-- Recorded information --
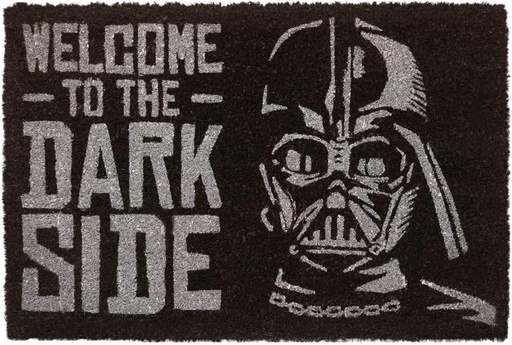 [GAZE0042] Zerbino Star Wars - Welcome to The Dark Side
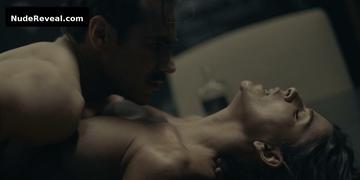 MARIA FERNANDA YEPES nude in Dark Desire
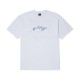 HUF UNITY NETWORK S/S TEE (TS02416 WHITE)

-- Task to complete --
Find the line with "MARIA FERNANDA YEPES nude in Dark Desire" in the listing above, then write it out along with every later line through the last one, exactly, omitting pictures.

-- Response --
 MARIA FERNANDA YEPES nude in Dark Desire
 HUF UNITY NETWORK S/S TEE (TS02416 WHITE)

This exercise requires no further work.